### PROBLEM TO SOLVE
Where the data below begins, start duplicating lines exactly, and finish with the line containing "Used 2018 Chrysler"; add nothing else. Leave the pictures out.

### DATA SECTION
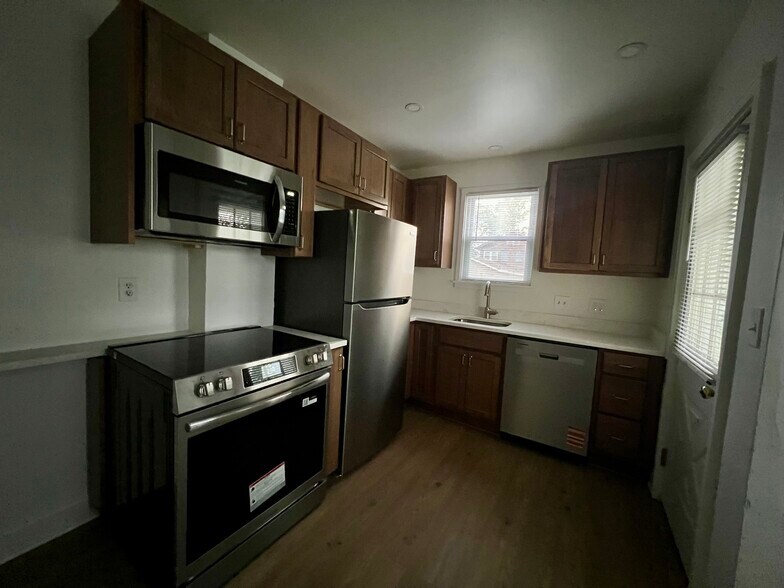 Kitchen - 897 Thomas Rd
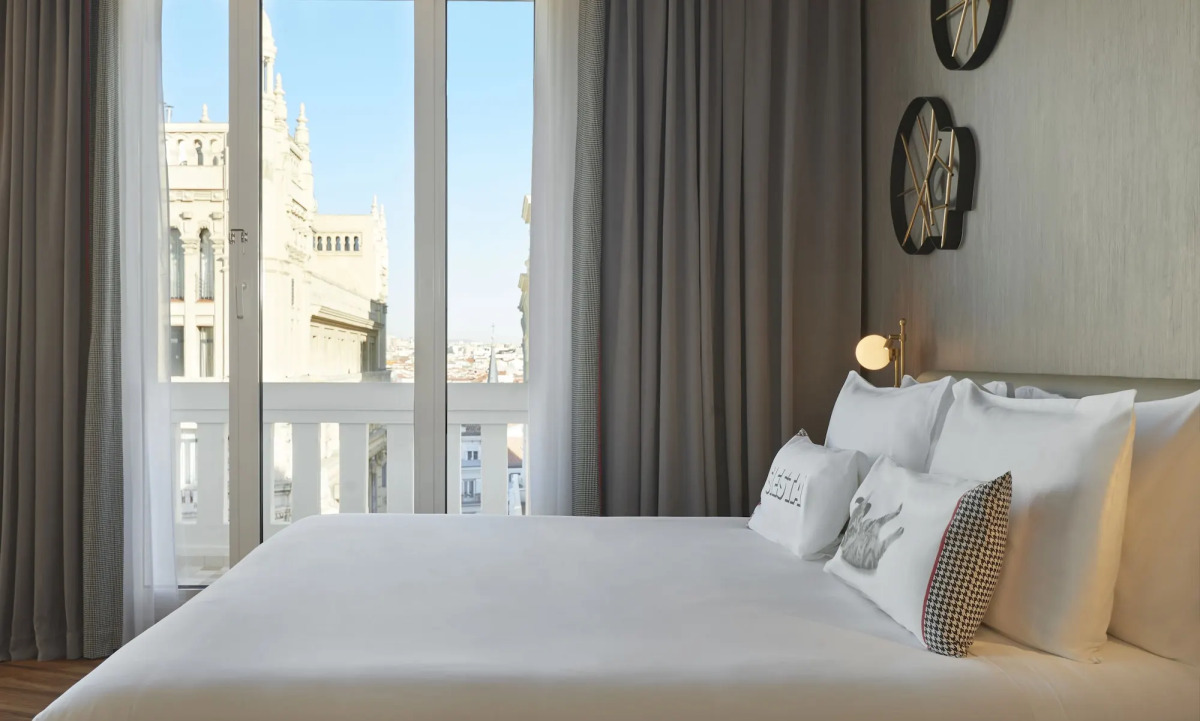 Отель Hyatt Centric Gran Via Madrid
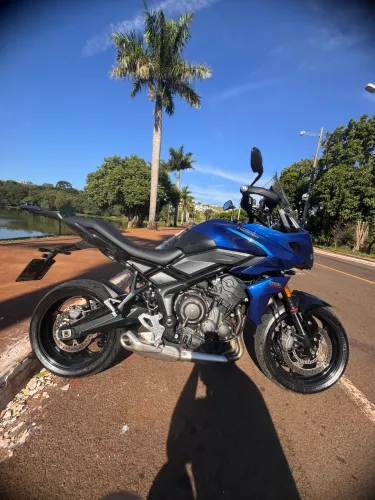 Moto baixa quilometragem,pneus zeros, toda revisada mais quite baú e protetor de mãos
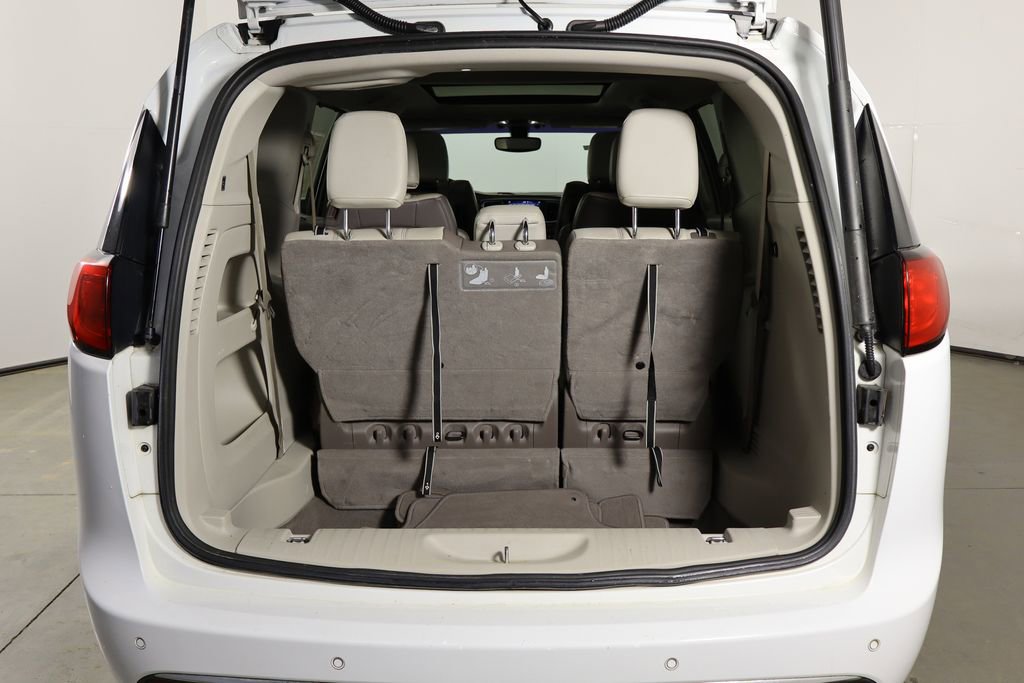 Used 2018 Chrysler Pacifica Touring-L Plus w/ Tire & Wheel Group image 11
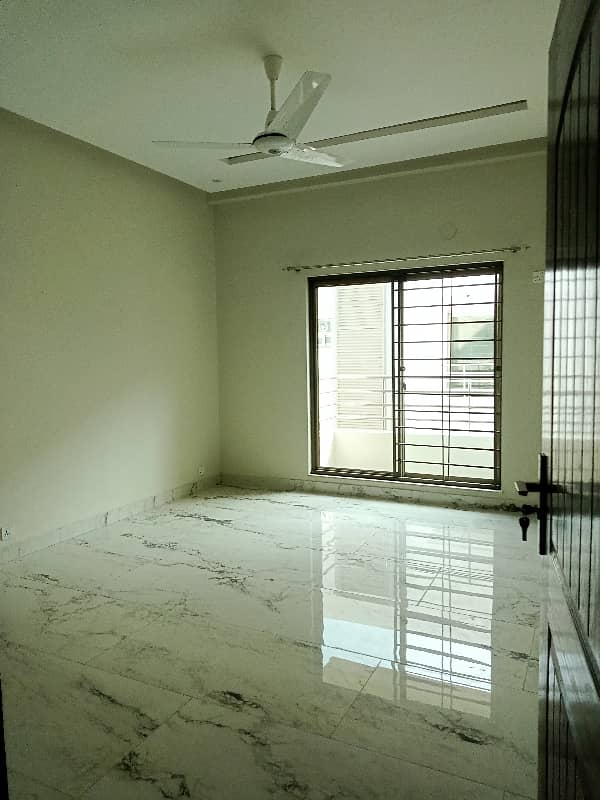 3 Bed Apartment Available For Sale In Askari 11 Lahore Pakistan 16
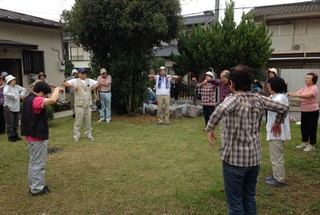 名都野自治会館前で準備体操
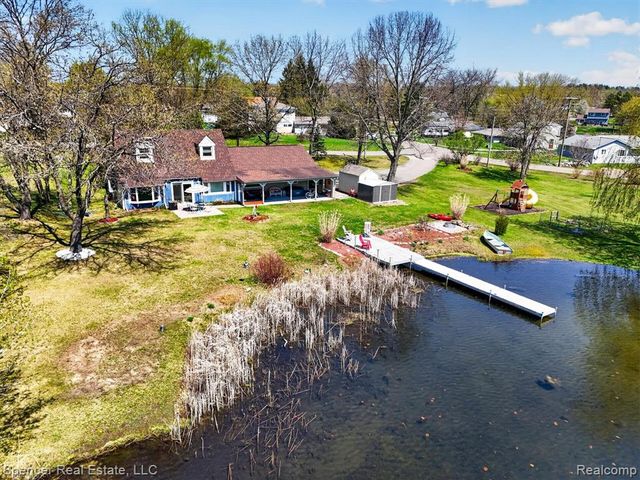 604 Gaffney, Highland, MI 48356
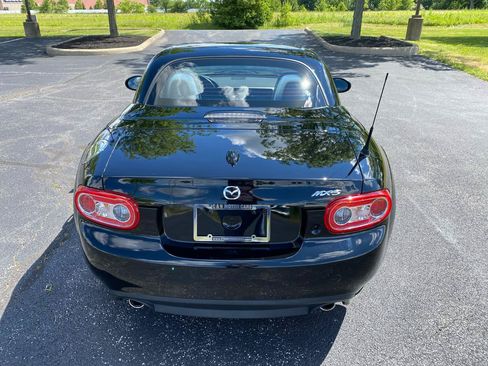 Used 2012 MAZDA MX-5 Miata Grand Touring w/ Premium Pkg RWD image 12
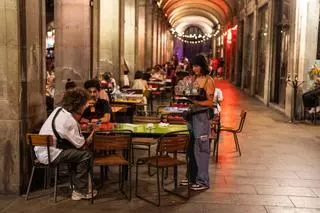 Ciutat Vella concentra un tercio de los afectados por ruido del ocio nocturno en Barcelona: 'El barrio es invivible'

### PROBLEM SOLUTION
 Kitchen - 897 Thomas Rd
 Отель Hyatt Centric Gran Via Madrid
 Moto baixa quilometragem,pneus zeros, toda revisada mais quite baú e protetor de mãos
 Used 2018 Chrysler Pacifica Touring-L Plus w/ Tire & Wheel Group image 11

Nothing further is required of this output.